[COLLECTED MATERIAL]
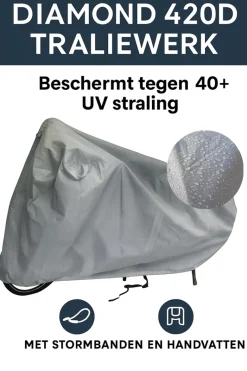 CUHOC Diamond elektrische stadsfiets hoes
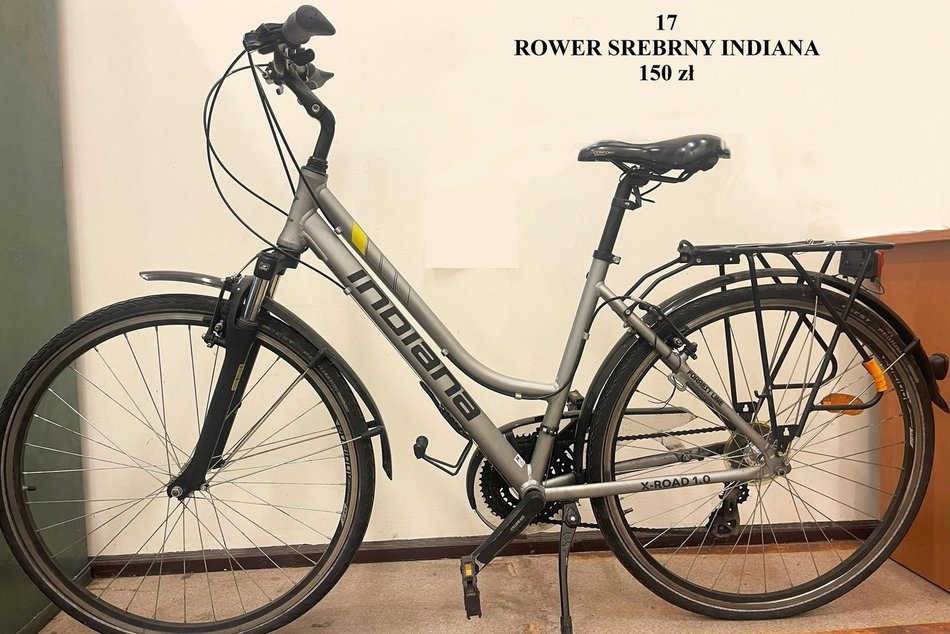 Łódź. Aukcja Biura Rzeczy Znalezionych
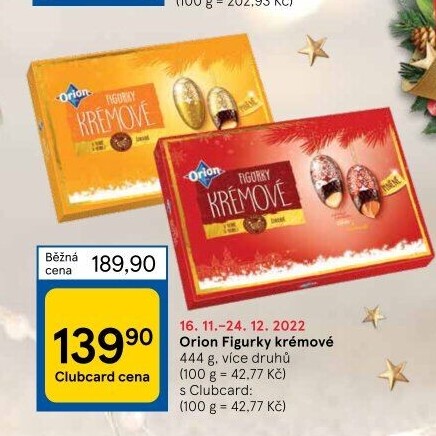 Kolekce Figurky krémové Orion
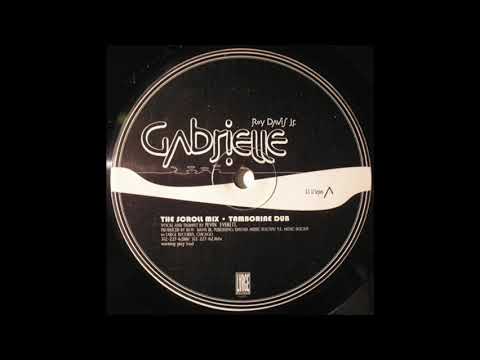 Roy Davis Jr. — Roy Davis Jr   Gabrielle EP Gabriel   Tamborine dub   1996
[/COLLECTED MATERIAL]
WHAT THE TASK REQUIRES:
Pictures are not part of the copy. Restate everything else in the listing word for word.

REPLY TO THE EXERCISE:
 CUHOC Diamond elektrische stadsfiets hoes
 Łódź. Aukcja Biura Rzeczy Znalezionych
 Kolekce Figurky krémové Orion
 Roy Davis Jr. — Roy Davis Jr   Gabrielle EP Gabriel   Tamborine dub   1996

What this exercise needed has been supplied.